What you are asked to do:
In the entries that follow, the line with "昭和レトロ ヴィンテージ　ホワイト長袖シャツ刺繍付き" opens the range and the line with "Reformador de Pilates de" closes it; repeat that range exactly, both lines included.

Material to process:
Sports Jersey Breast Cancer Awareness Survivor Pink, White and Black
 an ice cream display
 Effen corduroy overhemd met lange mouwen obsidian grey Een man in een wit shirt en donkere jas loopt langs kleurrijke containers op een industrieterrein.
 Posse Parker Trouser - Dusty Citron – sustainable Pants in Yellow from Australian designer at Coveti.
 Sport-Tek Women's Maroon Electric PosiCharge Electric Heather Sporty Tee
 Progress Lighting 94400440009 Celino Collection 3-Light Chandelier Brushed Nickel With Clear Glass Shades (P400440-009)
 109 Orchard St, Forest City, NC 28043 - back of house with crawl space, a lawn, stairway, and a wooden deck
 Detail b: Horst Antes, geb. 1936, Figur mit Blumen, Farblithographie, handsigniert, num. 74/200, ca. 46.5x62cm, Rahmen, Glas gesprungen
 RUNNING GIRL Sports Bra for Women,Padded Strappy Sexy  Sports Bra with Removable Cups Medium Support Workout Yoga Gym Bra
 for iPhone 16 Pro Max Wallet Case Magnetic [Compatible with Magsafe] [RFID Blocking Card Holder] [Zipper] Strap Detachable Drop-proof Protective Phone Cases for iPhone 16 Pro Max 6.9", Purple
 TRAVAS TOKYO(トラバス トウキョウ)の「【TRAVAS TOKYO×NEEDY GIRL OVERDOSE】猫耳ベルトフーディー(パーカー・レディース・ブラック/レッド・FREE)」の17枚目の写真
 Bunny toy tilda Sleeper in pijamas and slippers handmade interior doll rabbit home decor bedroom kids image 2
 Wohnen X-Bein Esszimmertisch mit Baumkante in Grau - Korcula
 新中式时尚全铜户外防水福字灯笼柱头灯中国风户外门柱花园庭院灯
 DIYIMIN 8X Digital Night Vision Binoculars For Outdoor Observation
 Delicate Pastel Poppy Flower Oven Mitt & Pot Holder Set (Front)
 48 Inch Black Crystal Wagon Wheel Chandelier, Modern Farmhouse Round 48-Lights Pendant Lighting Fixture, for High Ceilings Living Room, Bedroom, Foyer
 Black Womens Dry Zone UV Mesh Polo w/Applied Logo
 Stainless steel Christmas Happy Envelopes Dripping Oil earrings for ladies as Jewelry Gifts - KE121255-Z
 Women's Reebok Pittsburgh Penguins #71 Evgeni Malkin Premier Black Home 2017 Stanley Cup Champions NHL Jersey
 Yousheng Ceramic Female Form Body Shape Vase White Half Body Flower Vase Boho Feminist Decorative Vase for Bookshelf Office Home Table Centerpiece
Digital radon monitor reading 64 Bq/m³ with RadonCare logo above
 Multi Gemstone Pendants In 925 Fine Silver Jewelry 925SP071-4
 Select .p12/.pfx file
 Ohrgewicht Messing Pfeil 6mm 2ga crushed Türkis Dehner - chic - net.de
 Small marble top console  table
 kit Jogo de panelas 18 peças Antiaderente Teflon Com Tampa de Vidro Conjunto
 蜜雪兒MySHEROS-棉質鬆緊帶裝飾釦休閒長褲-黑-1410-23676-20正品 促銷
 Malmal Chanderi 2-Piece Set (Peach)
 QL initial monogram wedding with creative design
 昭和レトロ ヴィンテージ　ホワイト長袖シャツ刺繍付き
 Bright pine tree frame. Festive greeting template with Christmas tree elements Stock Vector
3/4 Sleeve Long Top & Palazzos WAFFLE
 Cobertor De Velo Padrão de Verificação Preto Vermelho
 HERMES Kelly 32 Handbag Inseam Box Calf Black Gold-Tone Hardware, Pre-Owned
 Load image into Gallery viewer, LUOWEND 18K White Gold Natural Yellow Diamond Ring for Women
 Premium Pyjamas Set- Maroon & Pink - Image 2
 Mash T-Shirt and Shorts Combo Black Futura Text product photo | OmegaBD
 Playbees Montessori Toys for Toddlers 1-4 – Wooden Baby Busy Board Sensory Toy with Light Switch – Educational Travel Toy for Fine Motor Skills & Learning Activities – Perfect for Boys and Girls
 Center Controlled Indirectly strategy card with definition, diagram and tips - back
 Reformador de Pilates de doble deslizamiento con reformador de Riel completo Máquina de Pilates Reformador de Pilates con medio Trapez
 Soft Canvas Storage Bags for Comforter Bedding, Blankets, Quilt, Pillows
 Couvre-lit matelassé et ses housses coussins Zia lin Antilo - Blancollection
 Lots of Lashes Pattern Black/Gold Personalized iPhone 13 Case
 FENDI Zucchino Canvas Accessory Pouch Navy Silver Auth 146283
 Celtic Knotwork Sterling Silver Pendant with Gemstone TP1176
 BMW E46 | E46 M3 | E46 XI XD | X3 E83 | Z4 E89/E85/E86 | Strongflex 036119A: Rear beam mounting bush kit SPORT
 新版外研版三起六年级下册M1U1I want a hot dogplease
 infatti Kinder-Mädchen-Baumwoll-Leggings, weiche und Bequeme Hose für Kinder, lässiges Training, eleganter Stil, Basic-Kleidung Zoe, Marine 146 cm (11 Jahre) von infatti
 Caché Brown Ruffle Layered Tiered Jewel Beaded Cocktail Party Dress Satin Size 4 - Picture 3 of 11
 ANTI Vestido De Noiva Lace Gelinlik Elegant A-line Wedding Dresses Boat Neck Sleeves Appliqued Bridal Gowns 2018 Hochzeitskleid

Answer section:
 昭和レトロ ヴィンテージ　ホワイト長袖シャツ刺繍付き
 Bright pine tree frame. Festive greeting template with Christmas tree elements Stock Vector
3/4 Sleeve Long Top & Palazzos WAFFLE
 Cobertor De Velo Padrão de Verificação Preto Vermelho
 HERMES Kelly 32 Handbag Inseam Box Calf Black Gold-Tone Hardware, Pre-Owned
 Load image into Gallery viewer, LUOWEND 18K White Gold Natural Yellow Diamond Ring for Women
 Premium Pyjamas Set- Maroon & Pink - Image 2
 Mash T-Shirt and Shorts Combo Black Futura Text product photo | OmegaBD
 Playbees Montessori Toys for Toddlers 1-4 – Wooden Baby Busy Board Sensory Toy with Light Switch – Educational Travel Toy for Fine Motor Skills & Learning Activities – Perfect for Boys and Girls
 Center Controlled Indirectly strategy card with definition, diagram and tips - back
 Reformador de Pilates de doble deslizamiento con reformador de Riel completo Máquina de Pilates Reformador de Pilates con medio Trapez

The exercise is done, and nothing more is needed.